Another friend of mine high up in the club’s hierarchy (my word, I do have contacts in high places) had a plum job during the fortnight. Her role was to escort the finalists from their changing rooms onto Centre Court, helping them with their bags. “The start of play for the finals has been at 2.00pm since time immemorial,” she said, “so you would have thought that Rafael Nadal was familiar with the routine. But he was neverready. He always had to go back to fetch something or check he hadn’t left this or that behind. It was infuriating.” Mind you, Nadal clearly suffers from obsessive compulsive disorder; you have only to watch him meticulously place his water bottles around his chair, moving them a fraction of an inch here to a blade of grass there to appreciate that the chap is as mad as a box of frogs.


Wimbledon has the unerring, priceless ability to reinvent itself. Year after year, new buildings spring up, new courts built, and existing courts improved. Amenities are upgraded, restaurants and cafes are increased and enhanced and the whole spectator experience is geared to maintain Wimbledon’s boast that their tournament is the premier grand slam in the world. I have not been to Melbourne Park or Roland Garros or Flushing Meadows. I am sure that each has its own unique atmosphere, but I cannot believe that any of them can touch Wimbledon for sheer class. Nothing is left to chance, 50 of the 52 weeks in the calendar are bent up to ensure that the courts and the buildings are at their very best come the all-important fortnight.

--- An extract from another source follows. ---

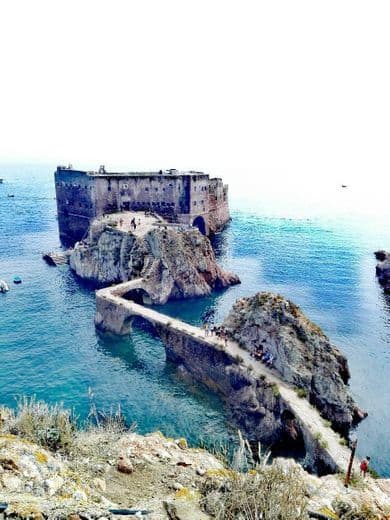 Place Berlengas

If you sit alongside the court, as opposed from either end, a vantage point to which you have become familiar (that’s where the TV cameras are placed), you get quite a different perspective of play. Obviously, you cannot see the openings that are being created, being sideways on, but you do have a clearer picture – that is, if your eyes are quick enough to take it all in and your neck is flexible enough to watch the ball being hit to and fro – of the speed at which the modern game is played. The athleticism and fitness of the players are remarkable. The women, incidentally, lose nothing, or at least very little, in comparison with the men and the sheer weight of shot. Some of the women serve almost as fast as the men.


Grass. It would come hardly as a surprise to hear that I, a former cricketer, love grass. I do have a particular fondness for a closely cropped outfield, as smooth as a billiard table, much like my lawn, I’ll have you know. One of my colleagues at Malvern College mischievously (at least, I think he was being mischievous) publicly suggested that the Senior (the main cricket ground) should be left uncut and sowed with wildflowers. I retorted that it were less sacrilegious to give up the Chapel to Druidical worship. Thus, I take an intelligentinterest in the Wimbledon grass whenever I have been privileged enough to play on it. After the Championships have concluded – obviously – and only on the outside courts. Once you have adapted to the lower bounce than that encountered on hard courts, playing on grass is an absolute joy, provided it is well-maintained and true, which of course is always the case at Wimbledon. Between points, you look around and imagine playing in front of a full house, with royalty, both Windsor and tennis, watching on with interest. Once again, I think I am Rod Laver. I attempt a scorching service return only for the ball to fly out of court. Into the adjoining court, in fact, and down a gangway to disappear out of sight. I check to see whether anybody saw it. To my relief, there are only a couple of groundsmen in the vicinity, and they are more occupied with the pinpoint accuracy of their lawn mowers than the wild inaccuracy of my strokeplay. Dream on, Murtagh. In fact, that was what my partner accused me of.